La qualité du code généré par IA en question
L’annonce de Microsoft sur ces outils me fait également réfléchir à ce qu’a dit David Fowler, ingénieur distingué chez Microsoft : « Le fait de taper du code est absolument révolu ». Comprenons bien: la boîte à outils WinUI ici déployée permet aux agents de l’IA de générer du code, de comprendre un projet, d’exécuter les tests et de corriger ce qui casse, sans qu’un être humain ait à taper chaque ligne.
Mais nous sommes d’accord : rendre la production de code plus facile et moins chère ne la rend pas automatiquement de qualité. Et Microsoft le sait bien, puisqu’ils ont ajouté des compétences de vérification du code et de tests UI à l’agent WinUI. Si vous voulez votre avis, même s’il faut que l’IA rende plus aisée la conception d’applications, il nous faut absolument que ces dernières demeurent performantes et légères, sinon la belle mécanique risque de créer des applications natives plus optimisées.
Rebâtir l’écosystème développeurs autour du binôme IA et WinUI
J’ai d’ailleurs eu un peu de mal à comprendre ce que Microsoft cherche vraiment à faire. Mais voici ce que j’ai retiré de tout cela : l’époque des grandes déclarations de type “developers, developers” est révolue. Maintenant, il faut leur donner un environnement qui les garde chez nous, d’autant que bon nombre d’entre eux préfèrent désormais les environnements Linux ou Mac.
Résumons, le plan en trois étapes se dessine ainsi :
- Un pipeline global est en train de se bâtir pour le développement avec WinUI, des agents intelligents, des outils de migration, des couches de test automatisé, de l’empaquetage et une intégration au Store.
- Un effort sur WSL est fourni pour que les agents d’IA puissent tourner dans des environnements Linux, avec un accès complet au GPU, de manière à ne pas se faire voler les développeurs.

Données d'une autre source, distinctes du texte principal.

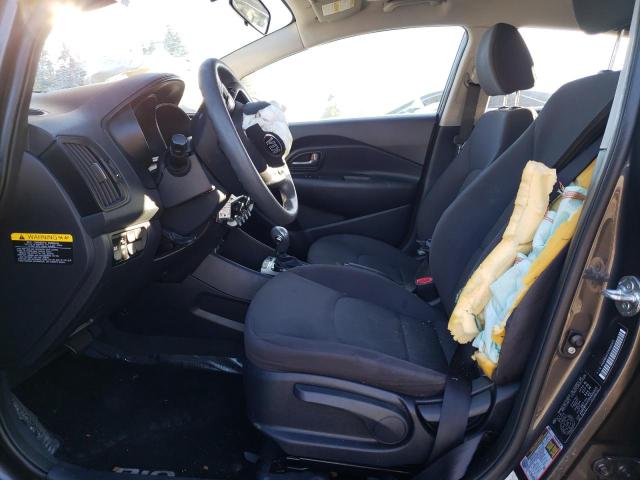 Photo 6 VIN: KNADM5A32D6866925 - KIA RIO LX 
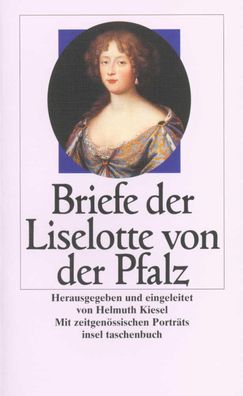 Briefe, Liselotte Pfalz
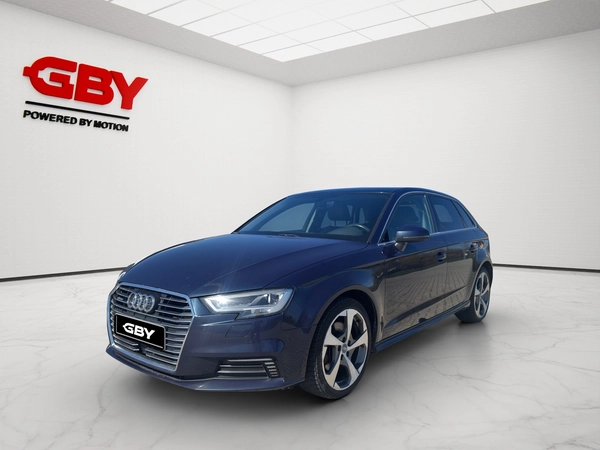 Audi A3 E-Tron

- Une montée en gamme du matériel avec des machines à haut débit mémoire comme les Nvidia RTX Spark, le Surface RTX Spark Dev, mais aussi Project Zenith : des PC avec au moins 64 Go de RAM et un débit de 250 Go/s pour exécuter localement des modèles de plus de 30 milliards de paramètres.
L’objectif de Microsoft est limpide : concevoir le futur de Windows comme un espace pensée pour accueillir des agents intelligents. Si cette intuition se révèle la bonne, les applications natives pourraient retrouver des couleurs, sans obliger tout développeur à tout réécrire à la main. Mais une question reste ouverte : ces stars-là seront-ils vraiment plus efficaces que les anciennes pages web que l’on souhaite remplacer ? J’avoue que je suis déchiré – aussi parce que je continue d’adorer mon petit côté breton.